Out for a walk... isn't it beautiful?

Vicky and new baby Darren

Me, Vicky, and Heidi before our long hike

In the jungle... I can't believe I get to do this!

Big fern

With Arsilie (I doubt I'm spelling her name right...) by the waterfall

This beautiful basket was given to me "for remembrance." I will surely never forget!

These are the clothes for the village babies.

Yes, it was wonderful... but there were still some moments I could have lived without!

Jonathan, Heidi, Vicky and me right before I left. I wasn't ready to say goodbye!


Tuesday, January 28, 2014

Worry

  Today I read Luke 12:22-31. It's a very familiar passage. Jesus says to His disciples, “Therefore I tell you, do not be anxious about your life, what you will eat, nor about your body, what you will put on.” (v 22b) He goes on to describe the Father's care for the flowers and birds. If God provides for them, won't He surely care for us, His own children? “And which of you by being anxious can add a single hour to the span of his life? If then you are not able to do as small a thing as that, why are you anxious about the rest? And do not seek what you are to eat and what you are to drink, nor be worried. For all the nations of the world seek after these things, and your Father knows that you need them. Instead, seek His kingdom, and these things will be added to you.” (25-26, 29-31)
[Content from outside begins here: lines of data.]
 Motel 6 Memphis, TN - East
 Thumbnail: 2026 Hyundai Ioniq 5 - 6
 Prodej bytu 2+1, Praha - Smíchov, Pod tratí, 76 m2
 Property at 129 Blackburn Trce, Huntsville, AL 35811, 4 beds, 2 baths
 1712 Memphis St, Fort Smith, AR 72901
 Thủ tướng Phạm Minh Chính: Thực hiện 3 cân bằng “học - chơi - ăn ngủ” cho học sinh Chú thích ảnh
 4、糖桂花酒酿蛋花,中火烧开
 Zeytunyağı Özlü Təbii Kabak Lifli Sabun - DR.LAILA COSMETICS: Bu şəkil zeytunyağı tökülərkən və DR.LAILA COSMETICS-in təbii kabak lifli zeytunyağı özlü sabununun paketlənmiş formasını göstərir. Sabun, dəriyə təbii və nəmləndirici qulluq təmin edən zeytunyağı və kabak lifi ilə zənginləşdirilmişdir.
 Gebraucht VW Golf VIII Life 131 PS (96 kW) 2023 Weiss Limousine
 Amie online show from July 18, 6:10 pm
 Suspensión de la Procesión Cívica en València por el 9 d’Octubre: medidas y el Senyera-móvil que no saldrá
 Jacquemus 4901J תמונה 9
When I was younger I used to worry about finances a great deal. That was foolish, of course. I should have trusted my parents. What about now though? Now I'm living in the “grown-up world.” Isn't worrying being responsible, because there are very real practical issues that need my attention? Umm... no. That's not to say that we should be haphazard or foolish in planning or decision making, but there is a world of difference between being responsible and being anxious. Jesus commands us not to worry, and not just about things that are out of our control, like getting sick or loosing a loved one. In this passage, Jesus is addressing areas where our actions do have an effect, like having food and clothing.

Worry means anxiously focusing on something- dwelling on it and being weighed down by the burden of it. But what is the purpose? Our worry can't change anything, and will have no practical effect outside of making us miserable and joyless. 

One thing that was particularly convicting for me today was the rebuke in the middle of this passage: “O you of little faith.” (v 28b) I struggle with worry. But worry isn't simply a bothersome personality trait. It is sin. It is an active declaration that I believe God is not trustworthy. It's saying, in effect, “Yes God, I know that You have said that You are in control, but I need to hold on and make sure that things are ok, because I don't believe that You will handle things as they should be handled.” Ouch. If I truly believe that God holds all things in His hands, that He will do what He has promised, and that He is working for my good even in hard things, then steadfast confidence and peace should define my life. 


That was a highly convicting reminder that I very much needed! He is trustworthy, and I want to live like I believe it.